D'apparence anodine, le « chiot-berger » était la pire insulte qu'on puisse faire à Lenny. Fils aîné et renié d'une longue lignée de bergers, son bannissement lui permit d'échapper à la malédiction frappant chacun de ses ancêtres : exercer ce métier.
Situé aux pieds des montagnes du Nord, Bergester était réputé pour son air pur, ses pâturages ainsi que pour la délicieuse viande issue d'un élevage n'ayant rien d'industriel. Un séjour paisible pour le touriste, l'enfer de la monotonie pour les autochtones.
A cette vie morne et routinière s'ajoutait une coutume dégradante fort appréciée par les touristes : les bergers se déguisaient en chiens pour garder les troupeaux. Folklorique, cette tradition palliait à l'absence de chiens. Lassés de ramener un morceau de bois en échange d'un sourire niais, ces derniers fuguèrent à la recherche d'une vie plus palpitante.
Afin de ne pas traumatiser les bêlants quadrupèdes, les plus zélés leur aboyaient dessus et leur mordillaient les jarrets pour les faire rentrer dans l'étable. Ainsi, les chiens-bergers remplacèrent les chiens de bergers.

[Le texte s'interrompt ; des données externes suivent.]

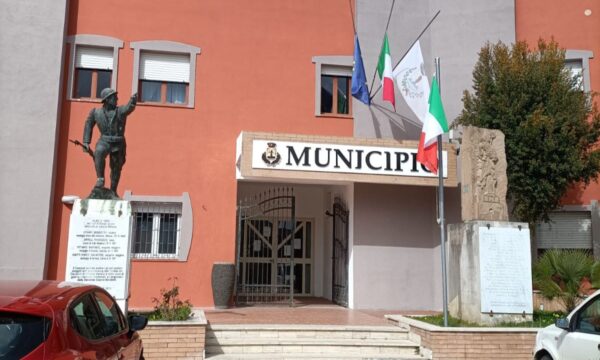 Simeri Crichi, bandiere del Municipio a mezz’asta in segno di lutto regionale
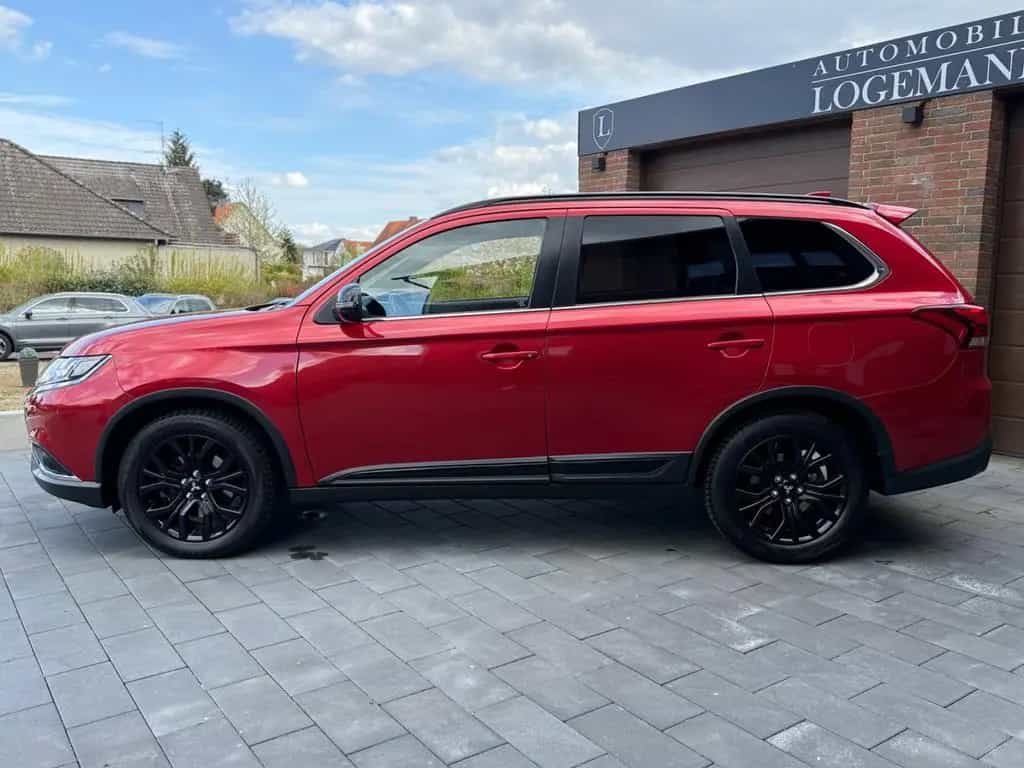 Mitsubishi Outlander 2.0CVT Active+ I LED I KAM I AHK 07/2019-photo-3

- Hep ! Le chiot-berger ! T'perdu t'langue ou t'appris qu'aboyer d't'village d'bouseux ?
- La ferme, poivrot, lâcha Lenny pour refroidir un sang à mi-chemin entre l'état liquide et gazeux.
- Hein ? T'dis quoi, là ?
Enragé, Roger se leva en renversant sa table. D'un geste vif, Lenny attrapa sa lance puis la fit siffler près de près de l'oreille du moustachu. Si elle avait été creuse et trouée aux bons endroits, elle aurait pu jouer « Au clair de la Lune ». S'effondrant sur sa chaise, il passa de l'écarlate au blanc pâle.
- D'solé... J'r'commencerai pas.
- Vaut mieux, soupira-t-il.
Lenny avança puis ramassa sa lance. Roger, apeuré, cacha son visage derrière ses mains au moment où le jeune homme passa près de lui. « C'est bon, j'ai assez mangé à midi » dit-il en levant les yeux au plafond, à défaut du ciel.
Le fer de lance avait abîmé la porte d'un casier n'ayant rien demandé. Une preuve supplémentaire que les premières victimes d'un conflit sont toujours les plus innocentes. Lenny, de son côté, remonta l'escalier menant à la surface. La taverne n'attendait plus que lui.